Project Gaydar and privacy in Facebook and other online social networking systems

September 20th, 2009

Today’s Boston Globe has an article on online privacy provocatively titled Project ‘Gaydar’ that leads with a story of an class experiment done by two MIT students on predicting sexual orientation from social network information.

“Using data from the social network Facebook, they made a striking discovery: just by looking at a person’s online friends, they could predict whether the person was gay. They did this with a software program that looked at the gender and sexuality of a person’s friends and, using statistical analysis, made a prediction. The two students had no way of checking all of their predictions, but based on their own knowledge outside the Facebook world, their computer program appeared quite accurate for men, they said.”

I suspect that many will read the article and think that such an analysis can be easily done on their own Facebook information. While I’m not a Facebook expert, I assume that the vast majority of its users employ the default privacy settings which do not allow non-friends to see personal information including gender and the ‘interested in’ attribute, which can be used as a proxy for sexual orientation.
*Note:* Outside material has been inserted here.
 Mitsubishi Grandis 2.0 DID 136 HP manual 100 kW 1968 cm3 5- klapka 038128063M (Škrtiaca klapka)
Still, the problem of protecting privacy in online social networking systems is a very real one. The Boston Globe story also mentions work by Murat Kantarcioglu on predicting political affiliations (see Inferring Private Information Using Social Network Data).

“He and a student – who later went to work for Facebook – took 167,000 profiles and 3 million links between people from the Dallas-Fort Worth network. They used three methods to predict a person’s political views. One prediction model used only the details in their profiles. Another used only friendship links. And the third combined the two sets of data. The researchers found that certain traits, such as knowing what groups people belonged to or their favorite music, were quite predictive of political affiliation. But they also found that they did better than a random guess when only using friendship connections. The best results came from combining the two approaches.”

The article also mentions Lise Getoor‘s work on discovering private information by integrating work across Facebook, Flickr, Dogster and BibSonomy (see To Join or not to Join: The Illusion of Privacy in Social Networks with Mixed Public and Private User Profiles).

“Those researchers blinded themselves to the profiles of half the people in each network, and launched a variety of “attacks” on the networks, to see what private information they could glean by simply looking at things like groups people belonged to, and their friendship links. On each network, at least one attack worked. Researchers could predict where Flickr users lived; Facebook users’ gender, a dog’s breed, and whether someone was likely to be a spammer on BibSonomy. The authors found that membership in a group gave away a significant amount of information, but also found that predictions using friend links weren’t as strong as they expected. “Using friends in classifying people has to be treated with care,” computer scientists Lise Getoor and Elena Zheleva wrote.”